# How long does it take to get your driving license in Victoria?



## hibiya

I have both Japanese and US driving licenses for more than 5 years now. And according to VicRoads, both countries are recognized countries and I don't need any test for converting and achieving a "Victorian Driving Licence". 

My question is how long does it take to receive your licence once you apply at a VicRoads office. Do you receive it right away or does it take some time for them to process it and send it by mail? If so how many days does it take to receive the driving license?

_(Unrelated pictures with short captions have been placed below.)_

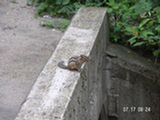 0507018s.jpg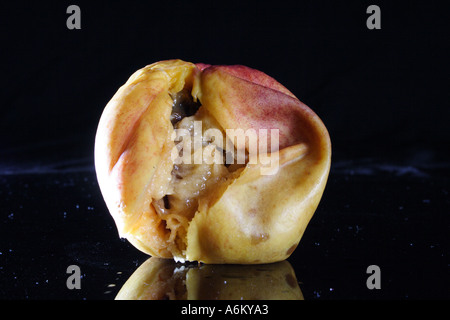 A ROTTING PEACH NECTARINE IN VARIOUS STAGES OF DECAY BAPD1126 Stock Photo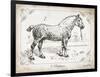 Farm Horse I-Gwendolyn Babbitt-Framed Art Print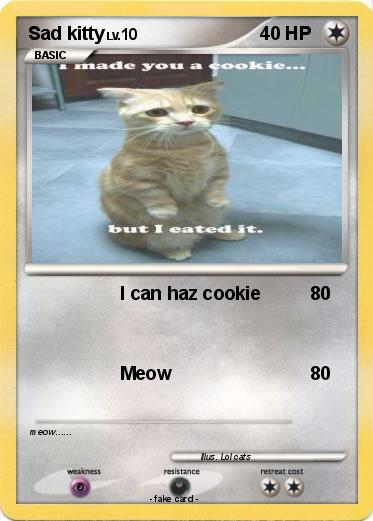 Pokemon Sad kitty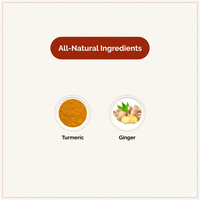 Chymey Organic Turmeric Ginger Herbal Tea Bags: 15 Pyramid Tea Bags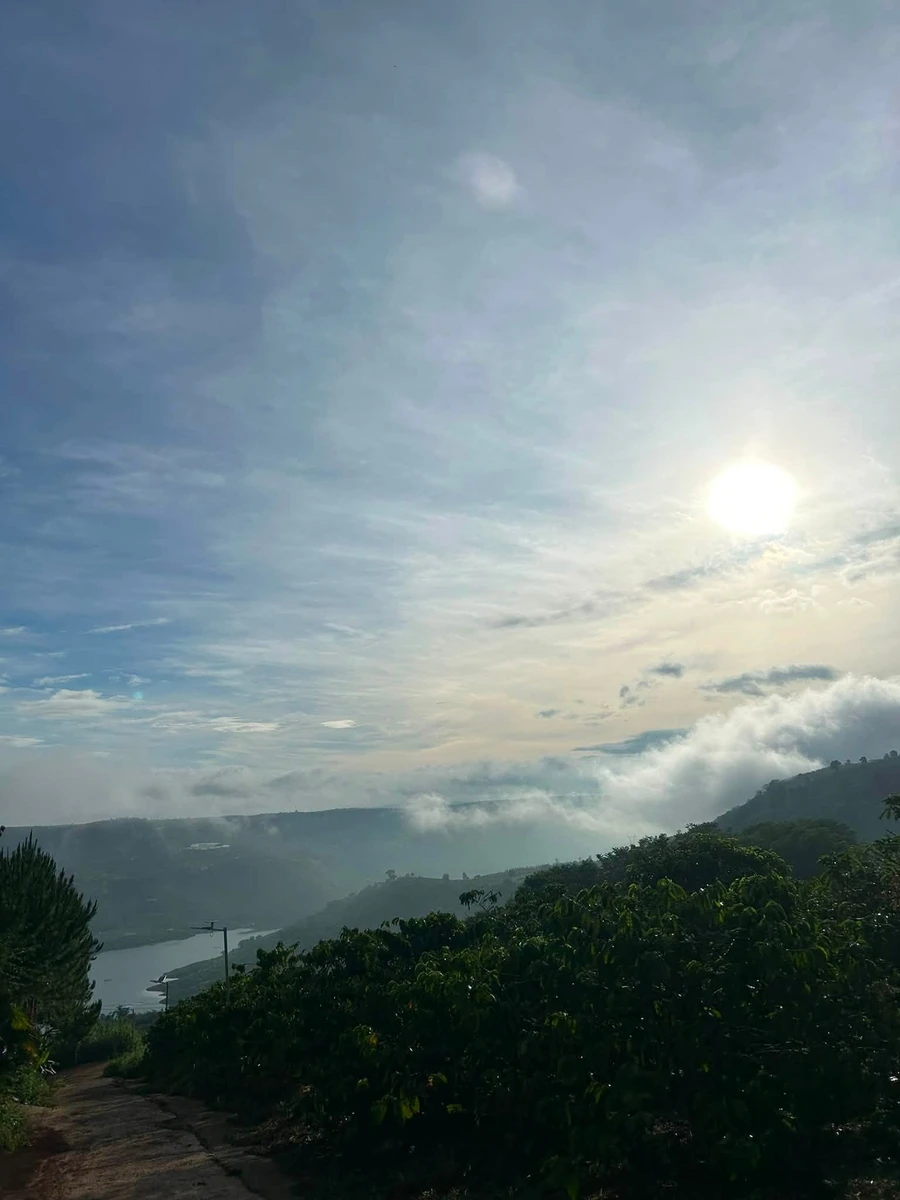Bán đất nghỉ dưỡng hơn 200m2 view sông Đồng Nai, xã Tân Nghĩa, Di Linh, Lâm Đồng, giá hơn 700 triệu - Ảnh thu nhỏ 2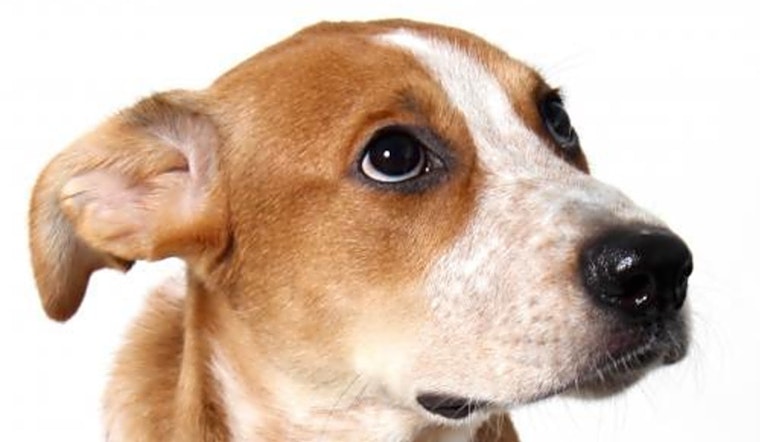 These Los Angeles-based puppies are up for adoption and in need of a good home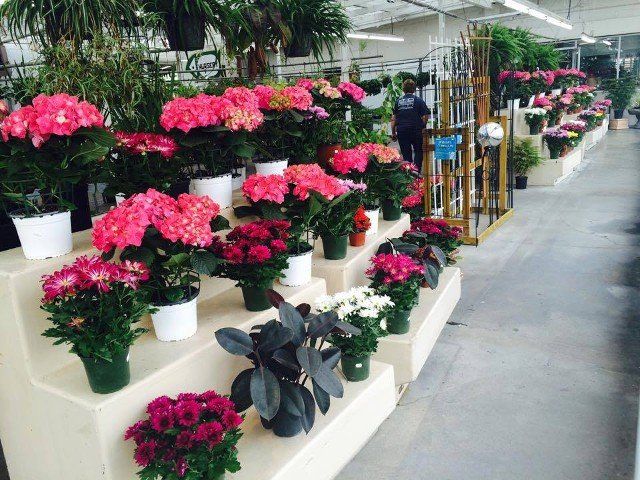 Lawn Decor — Flower Shop in Portsmouth, VA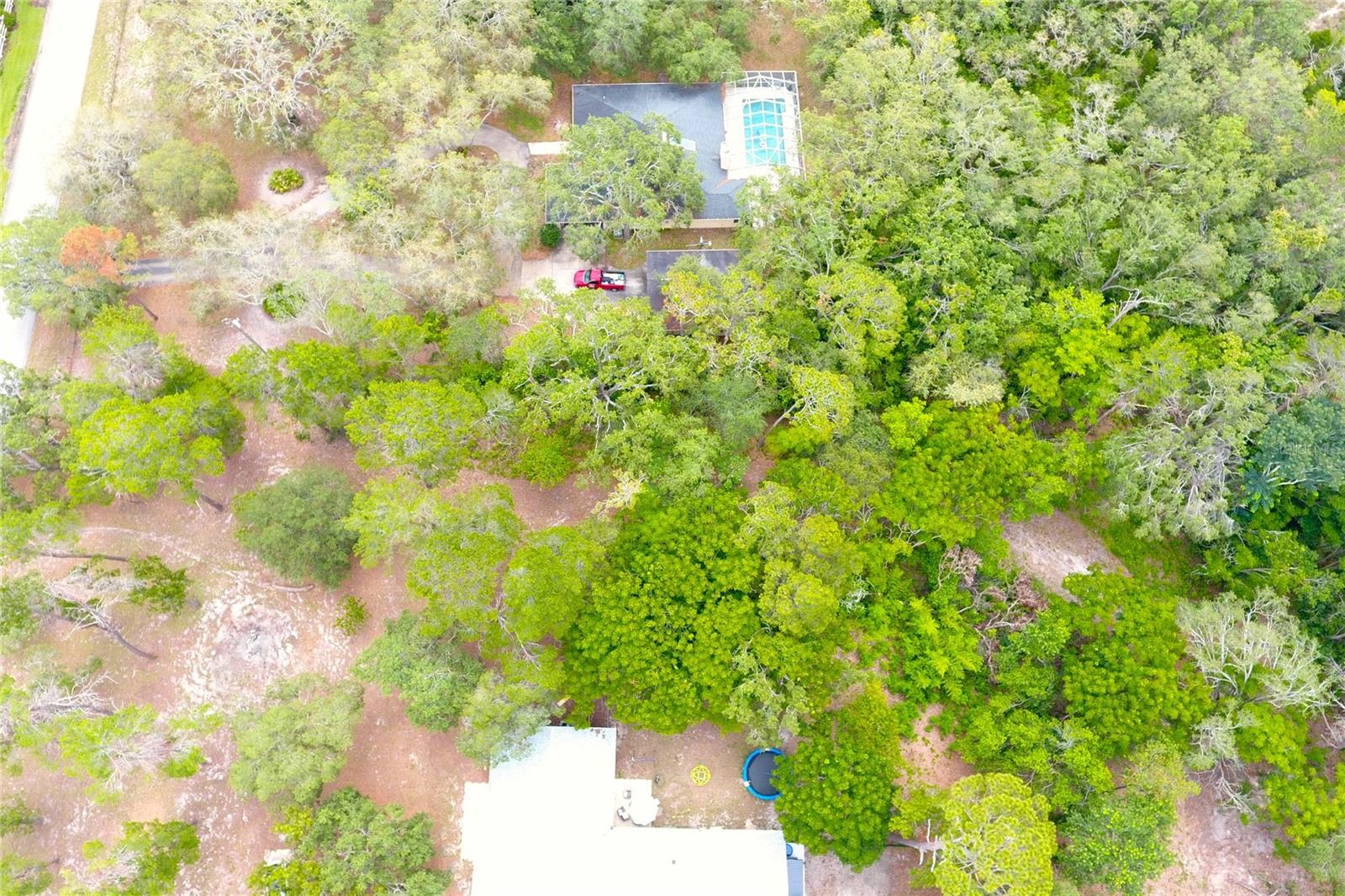 DUANE CT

By the way, I like "licence" with C. It is kinda cute.


----------



## Rigs

If you have held a full license for 5 years and are over 25 years old make an appointment at a Vic Roads licensing office. www.vicroads.vic.gov.au. Take your current overseas license your passport, visa, ID pay the fee they will issue you with a receipt you can drive on until you receive your plastic license in the mail.


----------



## hibiya

Rigs,
Thanks for the email. I tried to make an online appointment but it seems they only have two sections for "L"s and "P"s. I didn't find any section for converting overseas licenses.


----------



## Rigs

You may have to attend a vic roads office in person. Make sure you take all your ID documents


----------



## annam

I called up VicRoads and booked a time and took all the requested docs with me. Took 3 working days and the vic license arrived in the mail.


----------



## Rigs

Great, safe driving


----------



## Amparo1

annam said:


> I called up VicRoads and booked a time and took all the requested docs with me. Took 3 working days and the vic license arrived in the mail.


Annam, what documents did you have to bring with you to get Vic's DL? I've got my Australian PR visa, and would like to apply for Vic DL based on the valid California license.


----------



## annam

Hey Amparo1, I took my current passport and my overseas driving license, that's it ... the hardest part was to decide for how many years I wanted to have the Vic license, oh and they took a picture at VicRoads.


----------